Directions for this task: The material must be copied out exactly, line for line.

Source material:

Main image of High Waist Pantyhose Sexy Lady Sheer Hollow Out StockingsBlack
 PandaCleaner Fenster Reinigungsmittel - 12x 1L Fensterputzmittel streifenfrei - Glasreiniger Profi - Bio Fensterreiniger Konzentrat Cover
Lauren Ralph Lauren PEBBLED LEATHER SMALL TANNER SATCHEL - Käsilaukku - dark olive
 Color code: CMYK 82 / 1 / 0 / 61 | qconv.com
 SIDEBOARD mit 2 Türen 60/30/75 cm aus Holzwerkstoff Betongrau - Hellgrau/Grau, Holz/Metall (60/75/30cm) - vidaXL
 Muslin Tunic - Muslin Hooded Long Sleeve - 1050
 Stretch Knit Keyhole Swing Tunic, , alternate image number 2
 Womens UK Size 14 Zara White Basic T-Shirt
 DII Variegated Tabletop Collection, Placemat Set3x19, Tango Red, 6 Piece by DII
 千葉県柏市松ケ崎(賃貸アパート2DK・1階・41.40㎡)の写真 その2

Written answer:
Main image of High Waist Pantyhose Sexy Lady Sheer Hollow Out StockingsBlack
 PandaCleaner Fenster Reinigungsmittel - 12x 1L Fensterputzmittel streifenfrei - Glasreiniger Profi - Bio Fensterreiniger Konzentrat Cover
Lauren Ralph Lauren PEBBLED LEATHER SMALL TANNER SATCHEL - Käsilaukku - dark olive
 Color code: CMYK 82 / 1 / 0 / 61 | qconv.com
 SIDEBOARD mit 2 Türen 60/30/75 cm aus Holzwerkstoff Betongrau - Hellgrau/Grau, Holz/Metall (60/75/30cm) - vidaXL
 Muslin Tunic - Muslin Hooded Long Sleeve - 1050
 Stretch Knit Keyhole Swing Tunic, , alternate image number 2
 Womens UK Size 14 Zara White Basic T-Shirt
 DII Variegated Tabletop Collection, Placemat Set3x19, Tango Red, 6 Piece by DII
 千葉県柏市松ケ崎(賃貸アパート2DK・1階・41.40㎡)の写真 その2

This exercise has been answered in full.